More appropriate would be tools such as Omniture Site-Catalyst (now Adobe Site-Catalyst) or Coremetrics. Using an inferior analytics tool is the equivalent of the Sand Paper Road of toilet paper. It's really simple actually. Many businesses don't use more advanced analytics because of the initial and ongoing costs (the typical response is, "Google Analytics is free"); that is a short-sighted approach, and more importantly these businesses do not realize how much that small savings is actually costing them in lost revenue, lost opportunity and lost improvement in operational efficiency every day forward.
2. Search Marketing – there are two basic parts to search marketing, paid and natural (or organic / SEO), but I'll just focus on the paid for purposes of this example.
Paid Search Marketing – this is another area where many businesses undervalue or underserve themselves and their customers with cheap toilet paper methods.

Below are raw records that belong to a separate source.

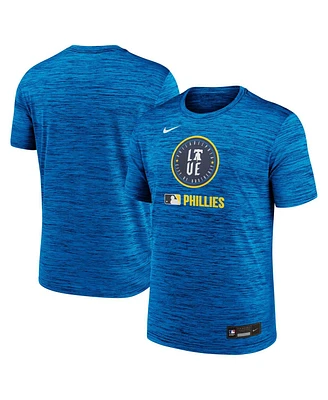 Nike Men's Royal Philadelphia Phillies 2025 City Connect Authentic Collection Velocity Performance T-Shirt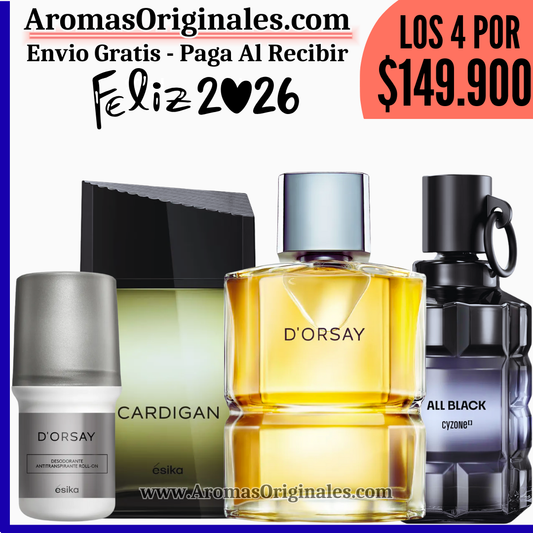 D'orsay + All Black + Cardigan + Desodorante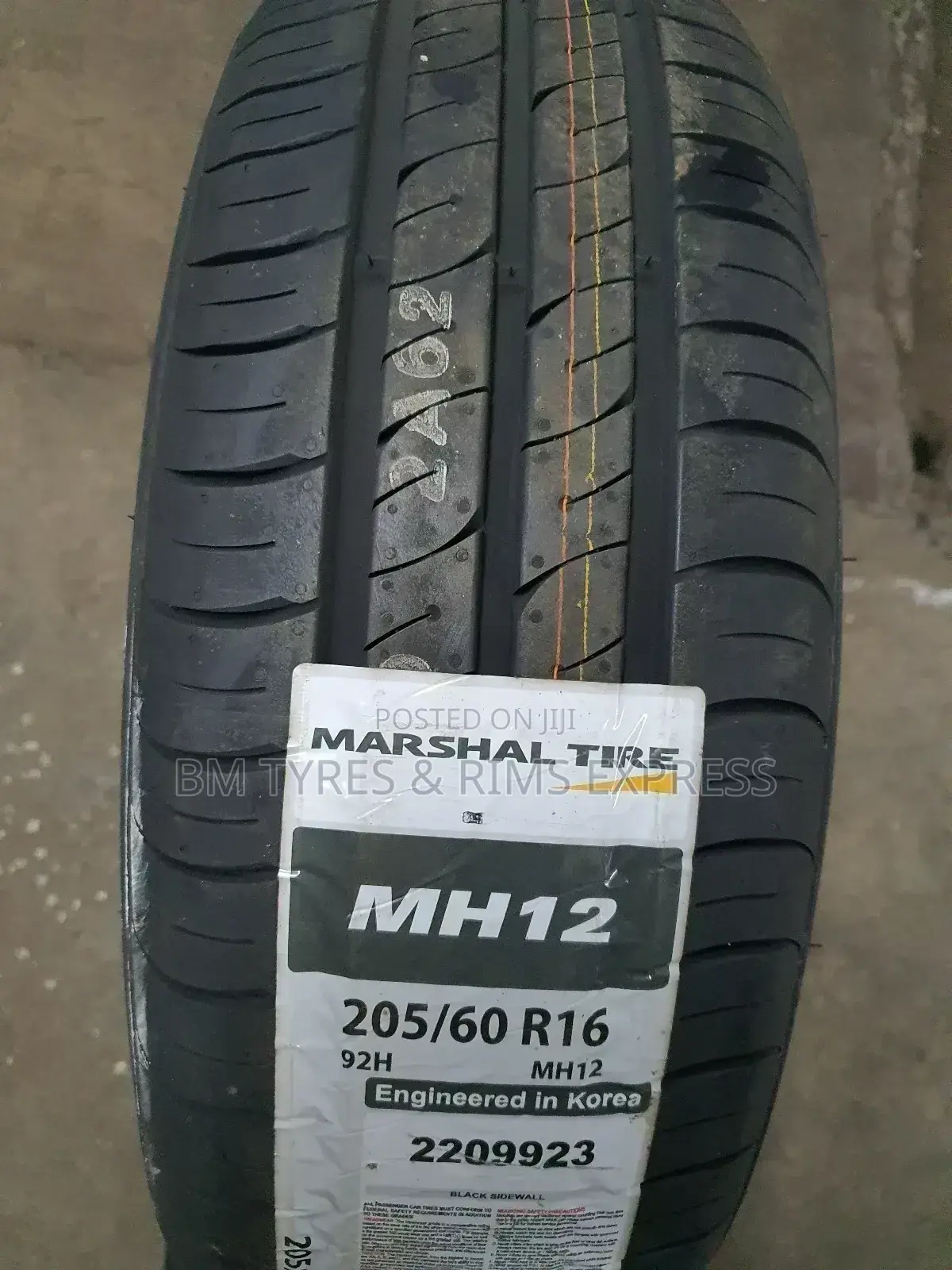205 /60 R16 MARSHAL TYRES (Korea)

Paid search is 100% demand-driven. That's a beautiful thing for any marketer or business. A consumer is searching for widgets and you sell widgets – why would you not want to be there to close that sale? If a consumer walked into Wal-Mart to buy a candle and you sold candles, would you not want to be on the shelf? Sure you would! In fact, you'd want to be front and center on the shelf – actually about eye height and just right of the center since most people will see you clearly and most are right-handed and tend to reach that way. Search is a way to capture current demand in the marketplace – capture all of it. In addition, if you have a limited marketing budget why wouldn't you spend money in search first? Your competitors with deeper wallets are helping create the demand – all you have to do is catch it. "Clean up" would be an appropriate metaphor here.
However, there is a two-ply to this paid search element and that is the landing page. Your potential customer just clicked on your ad and you send them to a home page? Why? If they searched for Widget X with a Blue top, why wouldn't you give them a page for Widget X with a Blue top? If they walked in your place of business, would you direct them to the exit? No, so why would you do this online with all the data and availability of technology that allows for that immediate need.

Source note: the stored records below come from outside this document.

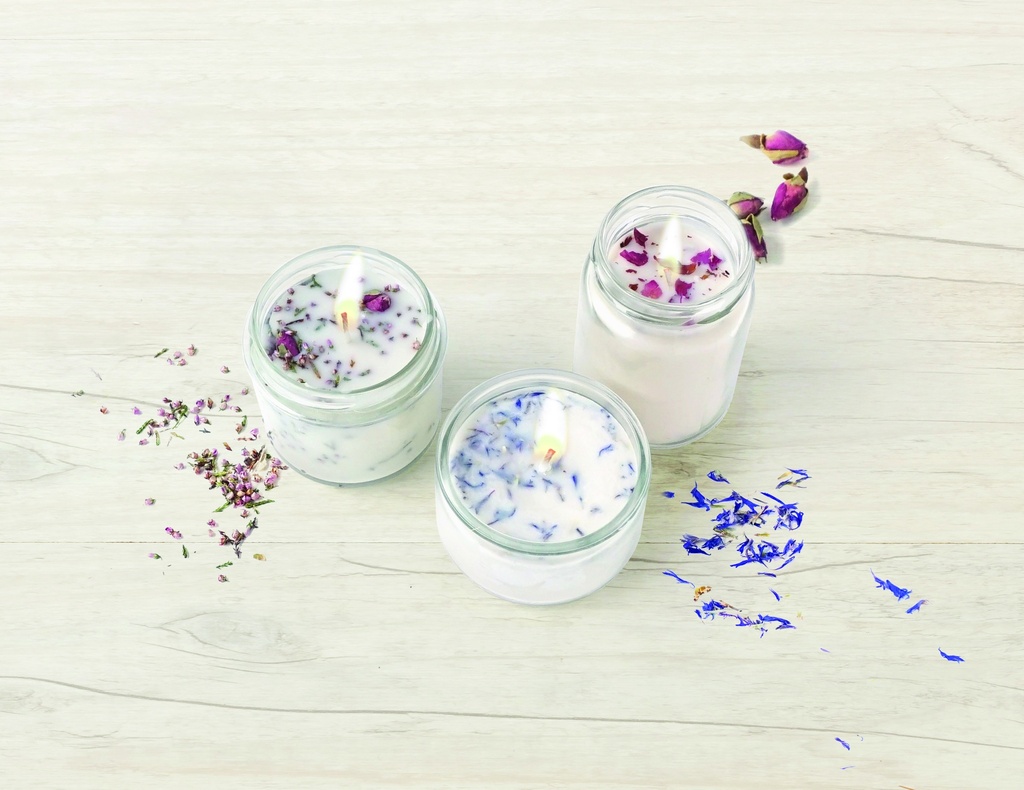 BOUGIES DELICATES ET FLEURIES, LE KIT
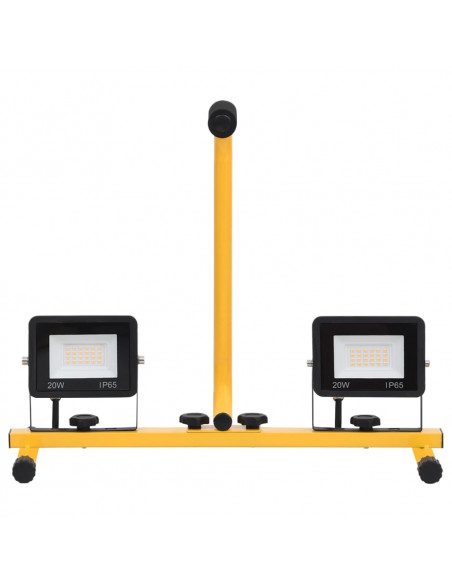 Faretto a LED con Maniglia 2x50 W Bianco Freddo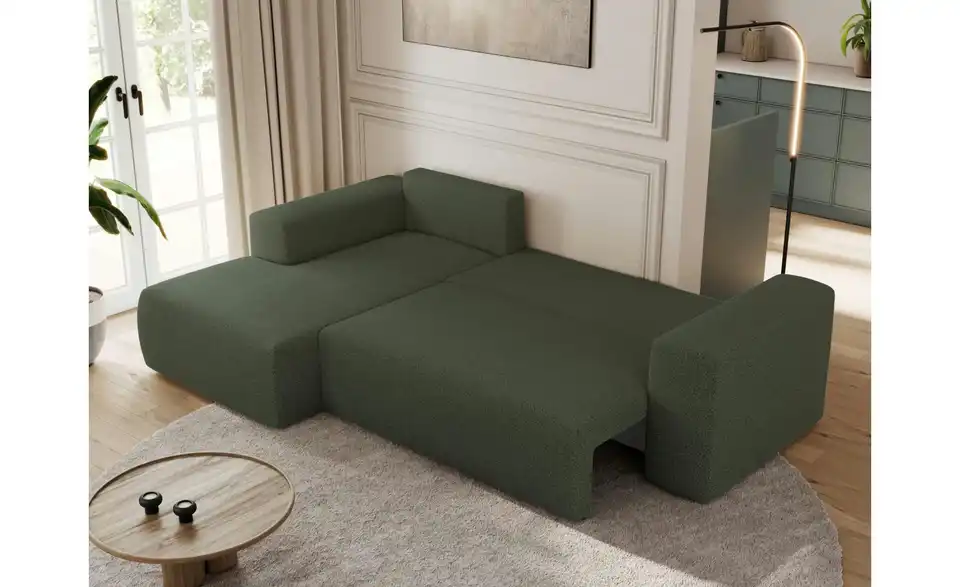 Ecksofa Grün, in Wohnsituation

3. Twitter (Social) Communication – here is another area where data at hand is a great benefit yet not all companies deliver. Seems everyone has a "Twitter" strategy or lack thereof, actually. In an earlier blog post, Question Nothing: 3 Examples of How to be Average, I noted that technology does not in fact necessarily make a business better, but can make more visible just how bad a business is at serving customers. I cited an example of Expedia in that article, but there are many very similar stories of customer service failures on Twitter.

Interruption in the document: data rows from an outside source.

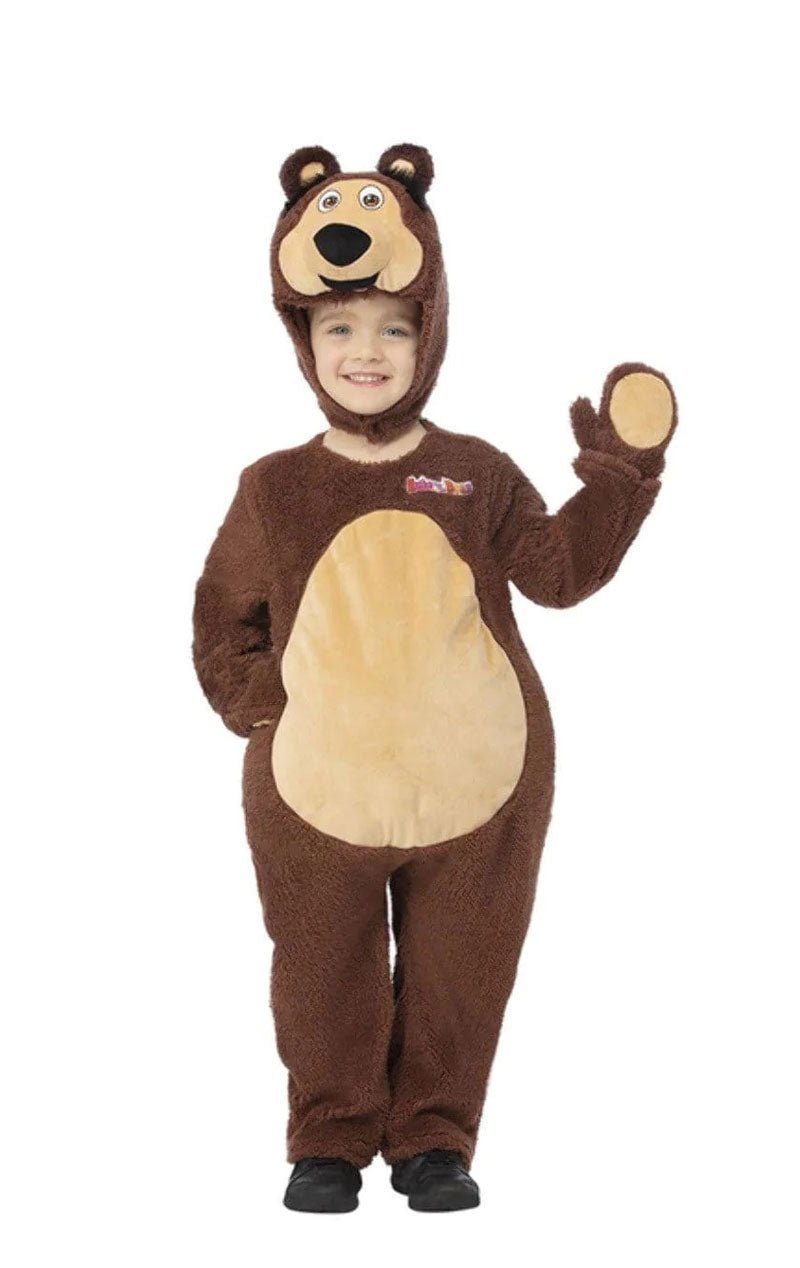 Childrens Masha and The Bear, Bear Costume - Simply Fancy Dress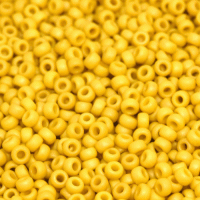 Matte Opaque Canary yellow Miyuki Size 8/0 seed beads, Colour  2311, 22gm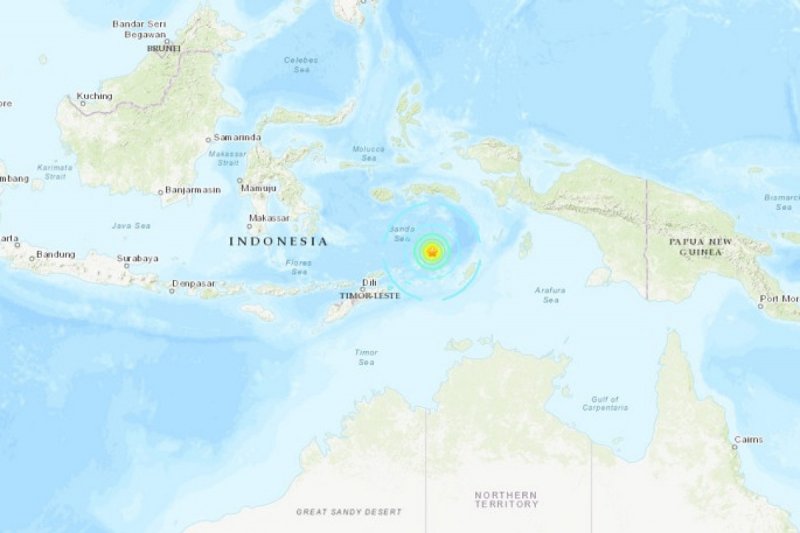 7.1-magnitude earthquake strikes off Indonesia's Talaud Islands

The largest failure for which many companies are guilty however, is the lack of planning a solid strategy, calendar and communication method when using social tools (see: Social Insights White Paper – A Smarter Approach to Social Strategy). In the white paper linked above you will find a 5 Phase Process for Managing Social, and most companies begin at Phase 4 – Deploy Tactics. This causes issues in managing the information (data) you get from customers effectively and also in servicing those customers properly as well as yourself internally as a business. This leads to operational failure.
The overall message here folks is this: by not measuring properly, you cannot provide properly. It's just that simple.
At the end of the day, we'd all be happier customers and business leaders if we were serviced well and served ourselves well. Many times all it takes is the TP – the soft kind of course.